**Exercise**
The whole of the data, every line, should come back exactly the same.

═════ Given entries

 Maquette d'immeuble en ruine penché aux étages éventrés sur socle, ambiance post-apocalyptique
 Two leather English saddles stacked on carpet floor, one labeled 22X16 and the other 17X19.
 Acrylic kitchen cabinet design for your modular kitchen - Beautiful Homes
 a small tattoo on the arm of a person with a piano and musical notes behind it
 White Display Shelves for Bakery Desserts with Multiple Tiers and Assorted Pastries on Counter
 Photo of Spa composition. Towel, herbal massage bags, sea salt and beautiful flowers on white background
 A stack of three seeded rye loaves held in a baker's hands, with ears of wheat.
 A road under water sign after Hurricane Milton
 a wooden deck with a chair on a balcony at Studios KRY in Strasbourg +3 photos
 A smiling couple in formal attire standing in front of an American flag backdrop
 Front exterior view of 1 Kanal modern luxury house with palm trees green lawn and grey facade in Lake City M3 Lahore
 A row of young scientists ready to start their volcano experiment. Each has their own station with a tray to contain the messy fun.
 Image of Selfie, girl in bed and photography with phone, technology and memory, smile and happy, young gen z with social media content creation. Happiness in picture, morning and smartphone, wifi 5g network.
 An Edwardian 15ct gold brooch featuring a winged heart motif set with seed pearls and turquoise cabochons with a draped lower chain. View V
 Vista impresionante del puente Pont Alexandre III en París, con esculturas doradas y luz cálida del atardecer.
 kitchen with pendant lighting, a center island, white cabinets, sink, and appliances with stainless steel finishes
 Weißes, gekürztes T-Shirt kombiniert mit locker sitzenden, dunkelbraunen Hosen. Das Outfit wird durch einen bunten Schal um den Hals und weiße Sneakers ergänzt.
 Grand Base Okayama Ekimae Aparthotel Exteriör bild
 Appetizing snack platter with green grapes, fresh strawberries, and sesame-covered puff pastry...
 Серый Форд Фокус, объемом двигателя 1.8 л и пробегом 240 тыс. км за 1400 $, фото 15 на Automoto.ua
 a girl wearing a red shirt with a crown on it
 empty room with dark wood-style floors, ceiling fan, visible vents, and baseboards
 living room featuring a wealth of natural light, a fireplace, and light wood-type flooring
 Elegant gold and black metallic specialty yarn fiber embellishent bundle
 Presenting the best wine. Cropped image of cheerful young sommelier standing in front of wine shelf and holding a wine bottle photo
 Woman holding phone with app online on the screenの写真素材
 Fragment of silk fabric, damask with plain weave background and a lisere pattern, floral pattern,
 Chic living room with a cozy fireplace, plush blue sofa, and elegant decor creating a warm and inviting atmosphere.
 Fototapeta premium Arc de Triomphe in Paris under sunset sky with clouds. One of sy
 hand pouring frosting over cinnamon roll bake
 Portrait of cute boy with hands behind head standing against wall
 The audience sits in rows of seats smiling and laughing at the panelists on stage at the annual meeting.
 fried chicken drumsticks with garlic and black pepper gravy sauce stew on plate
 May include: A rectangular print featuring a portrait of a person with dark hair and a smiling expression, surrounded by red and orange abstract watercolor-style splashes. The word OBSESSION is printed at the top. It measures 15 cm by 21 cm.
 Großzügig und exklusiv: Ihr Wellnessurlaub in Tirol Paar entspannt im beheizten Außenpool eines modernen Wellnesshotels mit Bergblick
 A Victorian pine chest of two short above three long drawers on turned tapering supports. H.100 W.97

══════════

**Solution**
 Maquette d'immeuble en ruine penché aux étages éventrés sur socle, ambiance post-apocalyptique
 Two leather English saddles stacked on carpet floor, one labeled 22X16 and the other 17X19.
 Acrylic kitchen cabinet design for your modular kitchen - Beautiful Homes
 a small tattoo on the arm of a person with a piano and musical notes behind it
 White Display Shelves for Bakery Desserts with Multiple Tiers and Assorted Pastries on Counter
 Photo of Spa composition. Towel, herbal massage bags, sea salt and beautiful flowers on white background
 A stack of three seeded rye loaves held in a baker's hands, with ears of wheat.
 A road under water sign after Hurricane Milton
 a wooden deck with a chair on a balcony at Studios KRY in Strasbourg +3 photos
 A smiling couple in formal attire standing in front of an American flag backdrop
 Front exterior view of 1 Kanal modern luxury house with palm trees green lawn and grey facade in Lake City M3 Lahore
 A row of young scientists ready to start their volcano experiment. Each has their own station with a tray to contain the messy fun.
 Image of Selfie, girl in bed and photography with phone, technology and memory, smile and happy, young gen z with social media content creation. Happiness in picture, morning and smartphone, wifi 5g network.
 An Edwardian 15ct gold brooch featuring a winged heart motif set with seed pearls and turquoise cabochons with a draped lower chain. View V
 Vista impresionante del puente Pont Alexandre III en París, con esculturas doradas y luz cálida del atardecer.
 kitchen with pendant lighting, a center island, white cabinets, sink, and appliances with stainless steel finishes
 Weißes, gekürztes T-Shirt kombiniert mit locker sitzenden, dunkelbraunen Hosen. Das Outfit wird durch einen bunten Schal um den Hals und weiße Sneakers ergänzt.
 Grand Base Okayama Ekimae Aparthotel Exteriör bild
 Appetizing snack platter with green grapes, fresh strawberries, and sesame-covered puff pastry...
 Серый Форд Фокус, объемом двигателя 1.8 л и пробегом 240 тыс. км за 1400 $, фото 15 на Automoto.ua
 a girl wearing a red shirt with a crown on it
 empty room with dark wood-style floors, ceiling fan, visible vents, and baseboards
 living room featuring a wealth of natural light, a fireplace, and light wood-type flooring
 Elegant gold and black metallic specialty yarn fiber embellishent bundle
 Presenting the best wine. Cropped image of cheerful young sommelier standing in front of wine shelf and holding a wine bottle photo
 Woman holding phone with app online on the screenの写真素材
 Fragment of silk fabric, damask with plain weave background and a lisere pattern, floral pattern,
 Chic living room with a cozy fireplace, plush blue sofa, and elegant decor creating a warm and inviting atmosphere.
 Fototapeta premium Arc de Triomphe in Paris under sunset sky with clouds. One of sy
 hand pouring frosting over cinnamon roll bake
 Portrait of cute boy with hands behind head standing against wall
 The audience sits in rows of seats smiling and laughing at the panelists on stage at the annual meeting.
 fried chicken drumsticks with garlic and black pepper gravy sauce stew on plate
 May include: A rectangular print featuring a portrait of a person with dark hair and a smiling expression, surrounded by red and orange abstract watercolor-style splashes. The word OBSESSION is printed at the top. It measures 15 cm by 21 cm.
 Großzügig und exklusiv: Ihr Wellnessurlaub in Tirol Paar entspannt im beheizten Außenpool eines modernen Wellnesshotels mit Bergblick
 A Victorian pine chest of two short above three long drawers on turned tapering supports. H.100 W.97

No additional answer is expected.